Queda nas exportações venezuelanas e impacto no mercado

As exportações de petróleo bruto da Venezuela sofreram um recuo acentuado nos primeiros dias de janeiro, passando de cerca de 880 mil bpd em dezembro para aproximadamente 300 mil bpd. Esse declínio está associado a um bloqueio imposto pelos Estados Unidos contra navios petroleiros sancionados, o que complicou ainda mais o cenário de combustíveis da nação sul-americana.

Esses cortes criam incertezas no mercado, especialmente porque a Venezuela tem um histórico como um dos maiores produtores mundiais de petróleo. A queda nas exportações pode afetar acordos comerciais e fluxos de crude para parceiros tradicionais, incluindo a China e, até certo ponto, mercados europeus.

Demanda, oferta e tensões internacionais

Diante desse panorama, a IEA observa que, apesar do excedente global, os mercados de petróleo permanecem sensíveis às dinâmicas geopolíticas. Tensões envolvendo países produtores e bloqueios a navios petroleiros podem alterar rapidamente fluxos de oferta.

Analistas destacam que o efeito de quedas nas exportações de países como a Venezuela é mitigado pelo amplo estoque global, mas a persistência desses casos pode provocar ajustes mais duradouros no equilíbrio entre oferta e demanda.

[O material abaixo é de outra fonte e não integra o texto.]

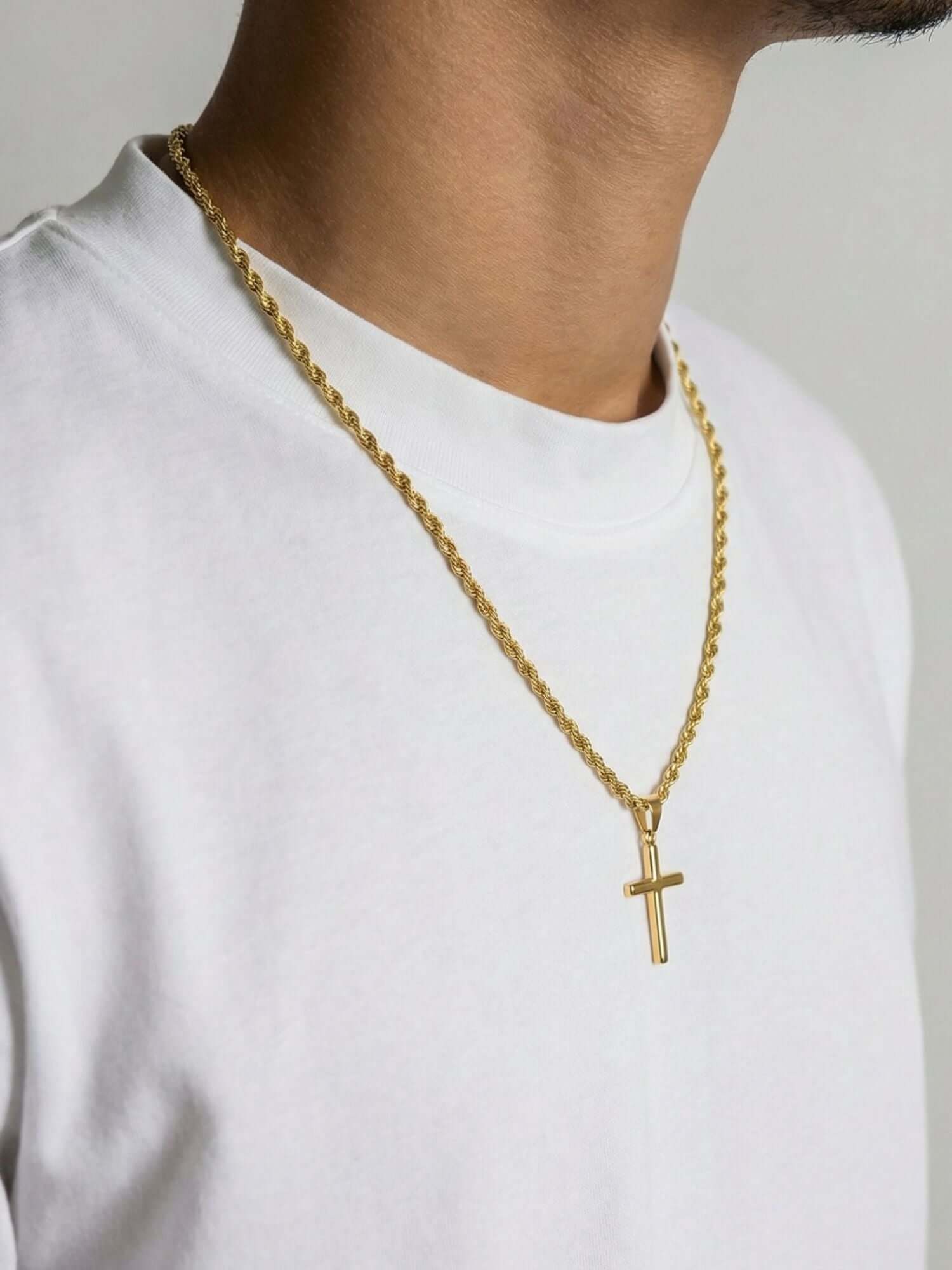 Ciondolo croce Luxe dorato indossato su una collana d'oro su una T-shirt bianca.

Assim, o relatório da IEA representa um retrato de transição no setor energético global: por um lado, crescimento da demanda; por outro, oscilações provocadas por embates políticos e restrições comerciais que impactam navios petroleiros e exportações.

Com o mundo consumindo cada vez mais petróleo, você acha que o preço dos combustíveis pode disparar nos próximos meses ou o aumento na demanda deve levar a uma estabilidade no custo?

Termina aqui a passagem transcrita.